> **Directions for this task**
Output the listing exactly as written, apart from its pictures.

> **Source material**
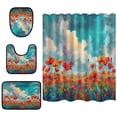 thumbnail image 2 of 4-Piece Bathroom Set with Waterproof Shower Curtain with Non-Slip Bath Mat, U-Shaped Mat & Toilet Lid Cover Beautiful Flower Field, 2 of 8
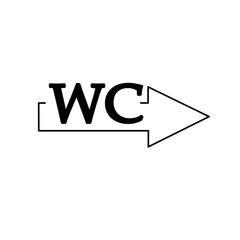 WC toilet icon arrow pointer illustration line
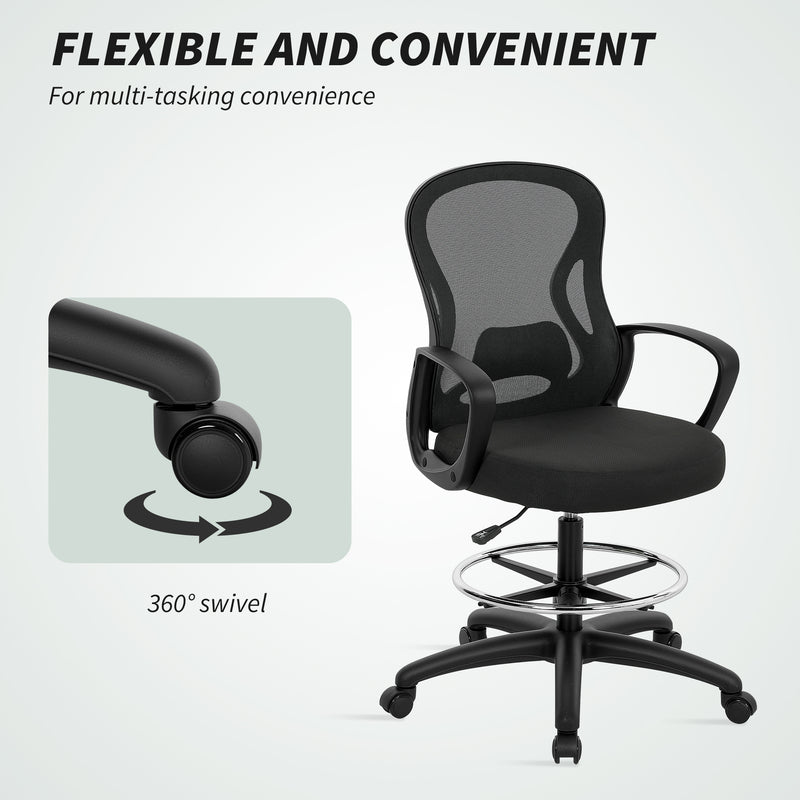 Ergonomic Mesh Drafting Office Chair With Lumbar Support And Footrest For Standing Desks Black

> **Reply to the task**
 thumbnail image 2 of 4-Piece Bathroom Set with Waterproof Shower Curtain with Non-Slip Bath Mat, U-Shaped Mat & Toilet Lid Cover Beautiful Flower Field, 2 of 8
 WC toilet icon arrow pointer illustration line
 Ergonomic Mesh Drafting Office Chair With Lumbar Support And Footrest For Standing Desks Black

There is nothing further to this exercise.